Have you ever had your mind blown? How about continuously detonated, like being on the street in London during WWII? I certainly have.
What caused the spontaneous combustion of my medulla oblongata, you ask? Why a book of course.
My parents taught me long ago (I know I am not that old but go with it) that all knowledge that is worth knowing is written down somewhere. Unfortunately in our, McDonalds, have it your way, right now!, culture, the written word is not featured as it once was. My mother taught me the love of words. She was a bible scholar and my home schoolteacher. (Cracking the whip, hitting with foreign objects, and choke holds were used, and not by me, most definitely on me). I also credit my mother with teaching me the love of God’s Word.
I read rapidly. I devour information at a very high rate. I was just not prepared for the devastation to my worldview from a very unassuming book, The Grace of God by Andy Stanley.

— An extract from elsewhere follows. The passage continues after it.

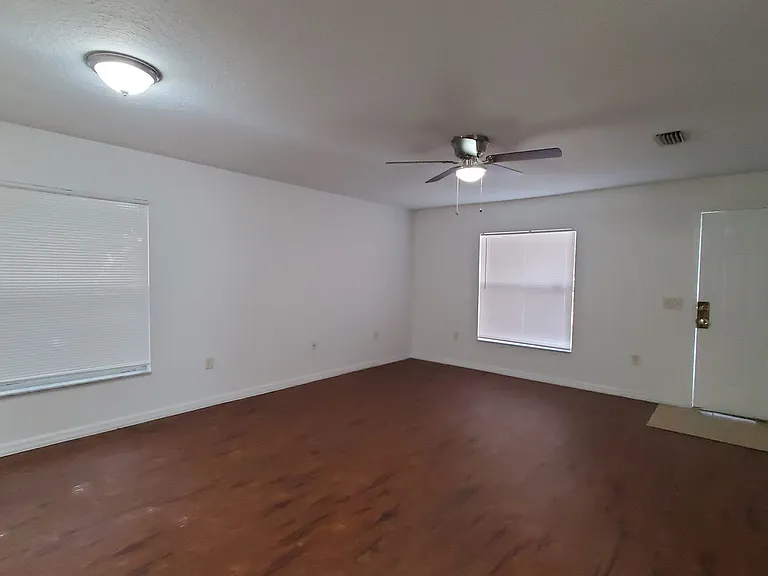 702 E Madison St — Photo 4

Andy Stanley is the son of a pastor who started his own church in Atlanta. The church is called North Point Community Church, www.northpoint.org. There is nothing fancy or standout in his story. However, if anyone else reads the Bible that I read, God loves to use the humble people to do magnificent things.
In this book Andy lays out the story of God’s grace. I was woefully unprepared for how this would land in my dry soul. Like many other people I try to be good. I work hard, push myself, and try to be good enough for God. I always fail. I cannot be good enough, ever. But, the glutton for punishment that I am, I constantly try. Even though I understand that the bible tells us that Jesus took the punishment for us, I still feel the need to earn it. Don’t you ever catch yourself thinking or doing something to be worthy in God’s sight?
The Grace of God just wrecked my ship entirely. Every chapter was amazing. Andy held my hand and walked me though bible stories that we all know, but never catch the grace God laid out for us to see. I felt like I was on a personal tour of God’s amazing grace.
In one chapter Andy ends with a prayer. A very simple prayer. It goes like this. “I can’t do stop doing _____________, But God, you can. Amen”. Andy then asked that you pray this out loud. I did. Then I cried.
I had finally realized something really wonderful about God. Due to my humble human state, I can never be good enough. It is a good thing that God doesn’t want that. What God wants is for us to ask for help. That’s it. He wants to give us help. I had been trying all this time to do it on my own. I was an idiot. God gives us grace every day, so we can make it though.
Read the book. It has so much more than I could cover here. Besides, Andy explains it way better that I ever could. Just stop banging your head on the wall. Learn from one who now knows (proved by the several dents and scars in said head). Allow God to help you instead. I highly recommend it.